Now it's time to use our spam filter on our 1,114 test data. This will determine how well the filter will classify the test data I have. I will start by writing the function designed to classify our dataset and then apply it to the dataset.

In [33]:
correct = 0
total = len(test_data)

def classify_test_set(message):

    message = re.sub('\W', ' ', message)
    message = message.lower()
    message = message.split()

    p_spam_given_message = p_spam
    p_ham_given_message = p_ham

    for word in message:
        if word in parameter_spam:
            p_spam_given_message *= parameter_spam[word]

        if word in parameter_ham:
            p_ham_given_message *= parameter_ham[word]
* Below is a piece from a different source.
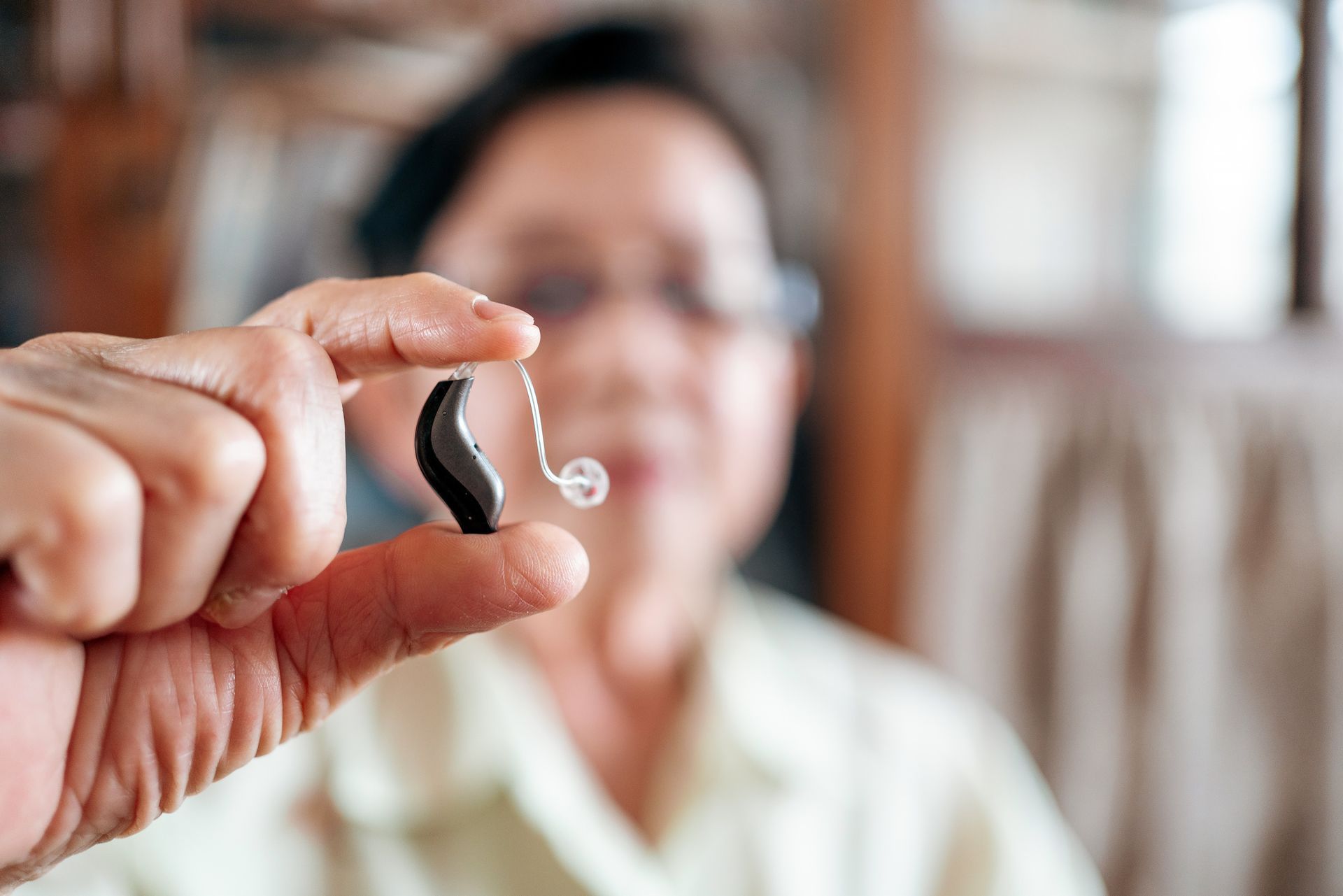 Person holding a hearing aid up to the camera.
    if p_ham_given_message > p_spam_given_message:
        return 'ham'
    elif p_spam_given_message > p_ham_given_message:
        return 'spam'
    else:
        return 'needs human classification'

In [34]:
test_data['predicted'] = test_data['SMS'].apply(classify_test_set)
test_data.head()

Unnamed: 0,Label,SMS,predicted
0,ham,Later i guess. I needa do mcat study too.,ham
1,ham,But i haf enuff space got like 4 mb...,ham
2,spam,Had your mobile 10 mths? Update to latest Oran...,spam
3,ham,All sounds good. Fingers . Makes it difficult ...,ham
4,ham,"All done, all handed in. Don't know if mega sh...",ham


In [35]:
for row in test_data.iterrows():
    row = row[1]
    if row['Label'] == row['predicted']:
        correct += 1

print("Correct: ", correct)
print("Incorrect: ", total-correct)
print("Accuracy: ", round((correct/total)*100, 2))

Correct:  1100
Incorrect:  14
Accuracy:  98.74


My spam filter was able to correctly classify 1,100 messages in the test data set out of a total of 1,114. The accuracy of my spam filter is about 98.74% which is well over the 80% that I had originally hoped. But there is still for improvement. 

# Next Steps.
The next steps for this filter would be to analyze the filter and the training data sets to figure out why the filter incorrectly classsified the 14 messages. From there I can figure out the what modifications I can make to improve the filter accuracy to 100%.